Data for review section start

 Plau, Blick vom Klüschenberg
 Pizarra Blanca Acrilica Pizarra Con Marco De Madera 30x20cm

Data for review section end
Data for review section start

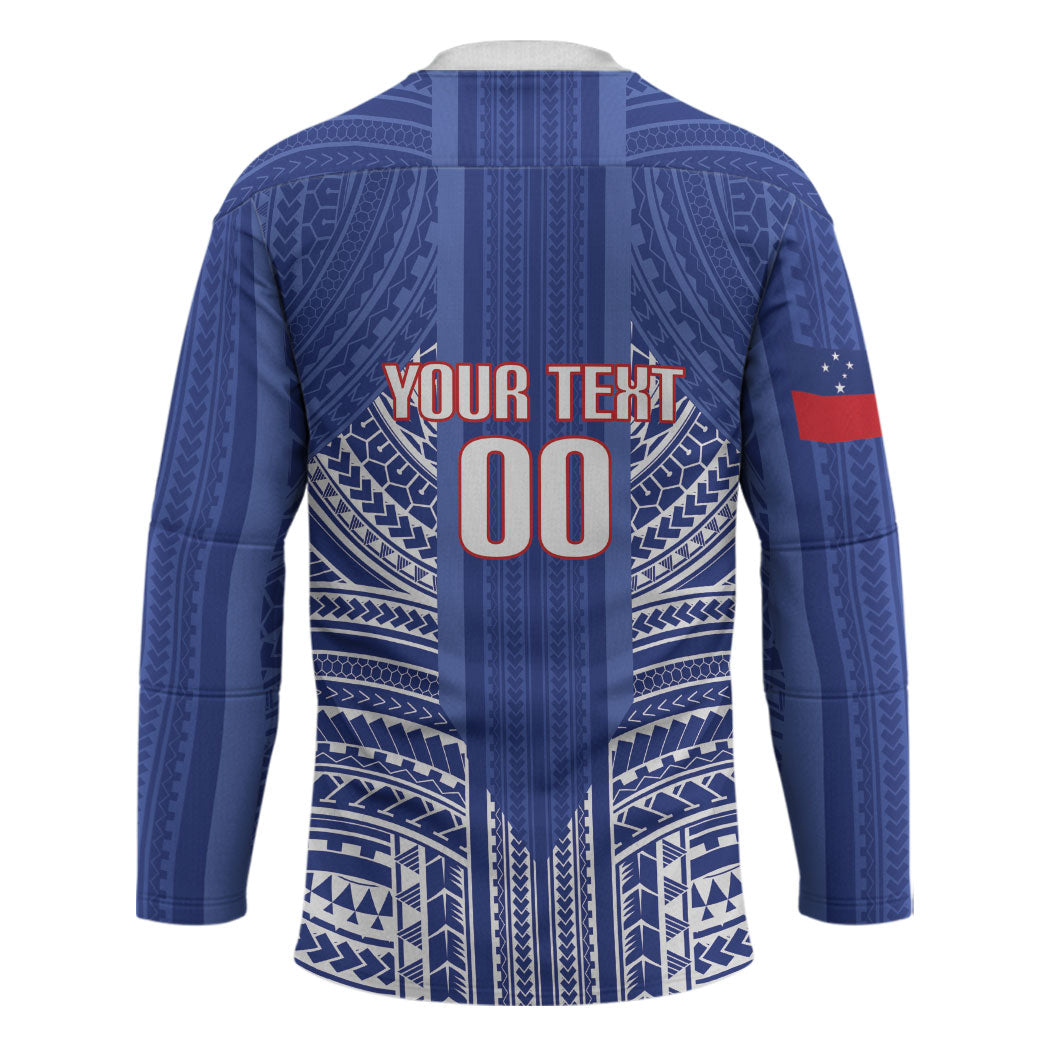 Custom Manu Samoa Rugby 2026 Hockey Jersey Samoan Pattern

Data for review section end

From the data above, output exactly the lines between the one containing "Plau, Blick vom Klüschenberg" and the one containing "Pizarra Blanca Acrilica", counting both of them.

 Plau, Blick vom Klüschenberg
 Pizarra Blanca Acrilica Pizarra Con Marco De Madera 30x20cm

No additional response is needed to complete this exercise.